How would I work out $d(\omega F)$ where $\omega$ is a 1-form and $F$ is a vector valued function?

I know that $d(f \omega) = df \wedge \omega + f d\omega$, for a smooth function $f$. I suppose this would also hold for a vector valued function, so $d(F \omega) = dF \wedge \omega + F d\omega$.

Is there a way of computing $d( \omega F)$ from this result? Would it be the same as $d( F \omega)$?

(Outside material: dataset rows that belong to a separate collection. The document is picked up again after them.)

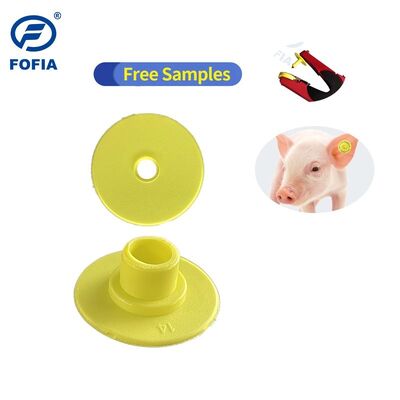 Étiquettes d'oreille pour animaux Étiquette d'oreille de porc en plastique Marqueur d'identification Logo personnalisable Numéro d'oreille de bétail Avec puce RFID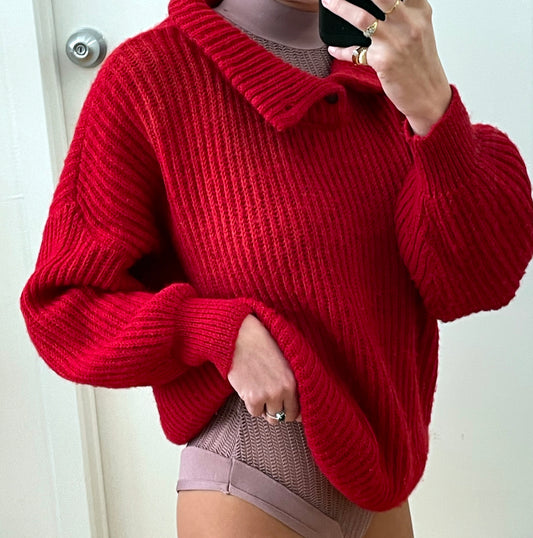 Vintage 1980s Kenzo Red Wool Sweater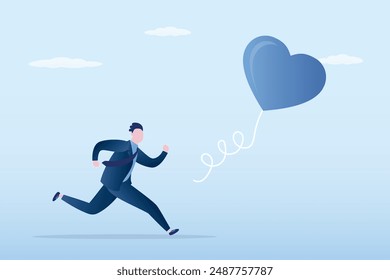 Young adult is looking for his love. Searching passionate job for happiness, ambition to find right career concept. Businessman chasing heart bubble ahead. Self motivation, chase dream. Flat vector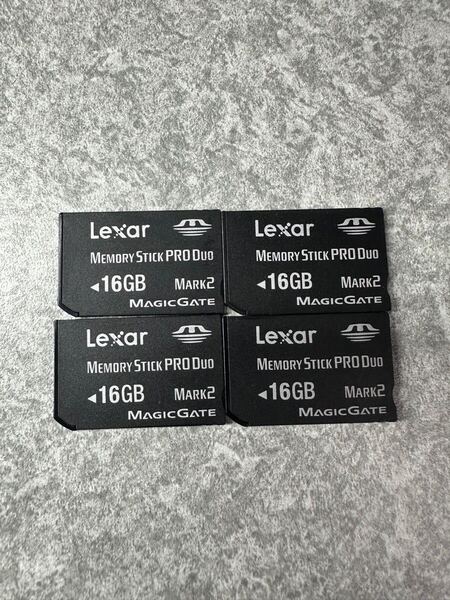 ■動作確認済■ Lexar メモリースティック PRO Duo 16GB 4枚まとめ売りメモリーカード デジカメ PSP memory stick SONY SanDisk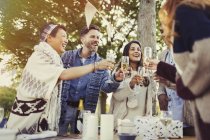 Amici brindare bicchieri di champagne al tavolo patio — Foto stock
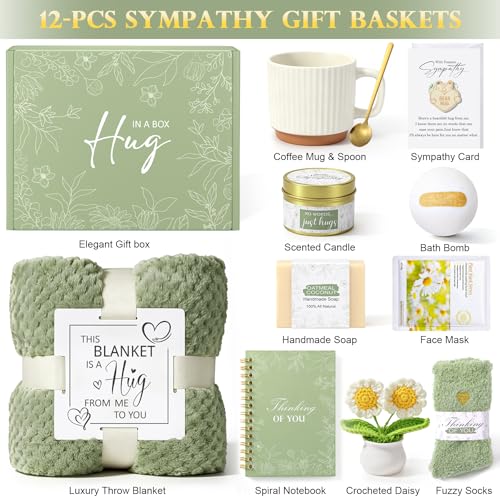 Sympathy Gift Basket for Loss of Loved One - Sage Green Memorial Gift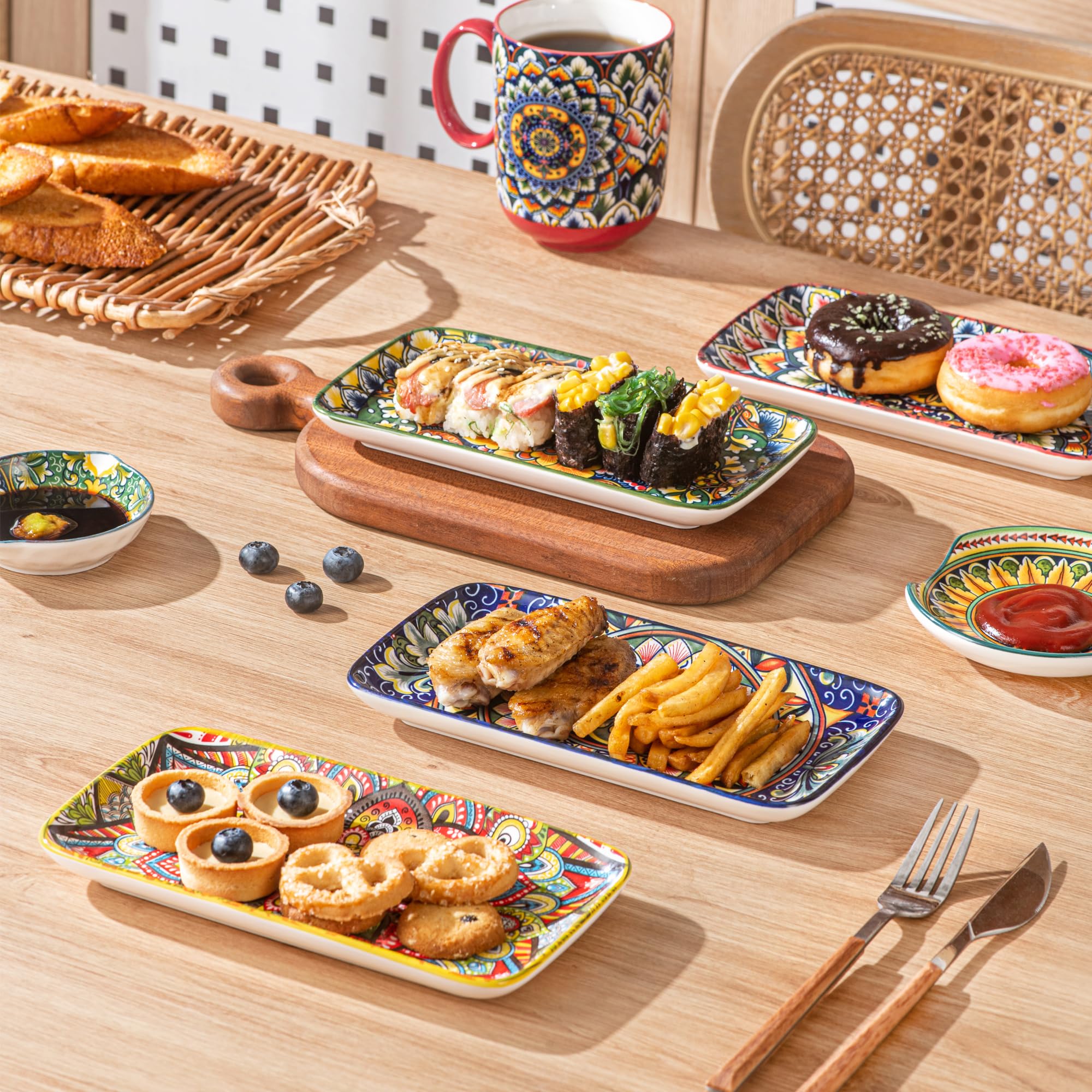 Henten Home Set di Piatti da Portata in Porcellana, Piatti Rettangolari 6 Pezzi, Piatti Piani Boemia per Sushi, Dessert, Spuntino, Antipasto - 20.5 x 11 cm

up vote 2 down vote accepted

Let $F$ be a vector-valued form then $F = (F_1,F_2, \dots , F_n)$ where $F_1,F_2, \dots , F_n$ are functions. The definition of $dF$ is that we exterior differentiate component-wise, $dF = (dF_1,dF_2, \dots , dF_n)$. By definition, $$ \omega F = (\omega F_1, \omega F_2, \dots , \omega F_n)$$ and so, $$ d(\omega F) = (d(\omega F_1), d(\omega F_2), \dots , d(\omega F_n)).$$ Next, simply apply the usual product rule for forms on each component, $$ d(\omega F) = (d\omega \wedge F_1-\omega dF_1, d\omega \wedge F_2-\omega dF_2, \dots , d\omega \wedge F_n-\omega dF_n).$$ Finally, factor out the one-form $\omega$ etc.. to find: $$ d(\omega F) = d\omega \wedge F - \omega \wedge dF.$$ Some of these $\wedge$'s are at times omitted in texts. I think you can see that the same rule holds for $d(F\omega)$ assuming you define right-multiplication on the vectors of forms.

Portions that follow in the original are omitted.